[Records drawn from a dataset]
[Start of section]

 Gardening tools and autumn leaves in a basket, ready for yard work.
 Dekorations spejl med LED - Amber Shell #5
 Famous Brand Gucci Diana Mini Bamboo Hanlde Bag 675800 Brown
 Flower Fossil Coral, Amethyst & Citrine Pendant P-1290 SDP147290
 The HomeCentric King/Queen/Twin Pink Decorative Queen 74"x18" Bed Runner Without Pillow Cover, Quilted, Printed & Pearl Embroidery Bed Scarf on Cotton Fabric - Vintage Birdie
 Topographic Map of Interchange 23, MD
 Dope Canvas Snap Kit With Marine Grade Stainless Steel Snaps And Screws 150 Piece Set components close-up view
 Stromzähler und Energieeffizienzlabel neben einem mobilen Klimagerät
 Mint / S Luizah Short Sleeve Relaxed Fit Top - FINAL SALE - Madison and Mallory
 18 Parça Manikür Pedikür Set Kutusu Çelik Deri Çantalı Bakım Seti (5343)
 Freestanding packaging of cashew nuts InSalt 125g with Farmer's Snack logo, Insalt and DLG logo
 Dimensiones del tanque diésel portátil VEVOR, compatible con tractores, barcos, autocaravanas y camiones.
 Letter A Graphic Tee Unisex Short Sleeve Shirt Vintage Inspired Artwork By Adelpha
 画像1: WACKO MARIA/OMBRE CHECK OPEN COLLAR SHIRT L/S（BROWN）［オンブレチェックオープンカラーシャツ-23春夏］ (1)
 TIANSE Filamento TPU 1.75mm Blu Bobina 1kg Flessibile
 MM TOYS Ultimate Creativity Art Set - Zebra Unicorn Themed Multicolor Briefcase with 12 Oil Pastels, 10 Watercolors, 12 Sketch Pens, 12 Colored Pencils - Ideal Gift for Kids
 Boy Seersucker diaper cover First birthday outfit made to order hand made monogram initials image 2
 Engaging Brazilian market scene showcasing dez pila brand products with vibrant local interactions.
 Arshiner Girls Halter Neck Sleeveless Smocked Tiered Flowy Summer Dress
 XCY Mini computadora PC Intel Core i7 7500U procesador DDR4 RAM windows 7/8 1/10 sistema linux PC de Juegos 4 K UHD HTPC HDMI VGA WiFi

[End of section]

Required work:
Repeat precisely the lines of the data starting at the one containing "TIANSE Filamento TPU", last line included.

Reply:
 TIANSE Filamento TPU 1.75mm Blu Bobina 1kg Flessibile
 MM TOYS Ultimate Creativity Art Set - Zebra Unicorn Themed Multicolor Briefcase with 12 Oil Pastels, 10 Watercolors, 12 Sketch Pens, 12 Colored Pencils - Ideal Gift for Kids
 Boy Seersucker diaper cover First birthday outfit made to order hand made monogram initials image 2
 Engaging Brazilian market scene showcasing dez pila brand products with vibrant local interactions.
 Arshiner Girls Halter Neck Sleeveless Smocked Tiered Flowy Summer Dress
 XCY Mini computadora PC Intel Core i7 7500U procesador DDR4 RAM windows 7/8 1/10 sistema linux PC de Juegos 4 K UHD HTPC HDMI VGA WiFi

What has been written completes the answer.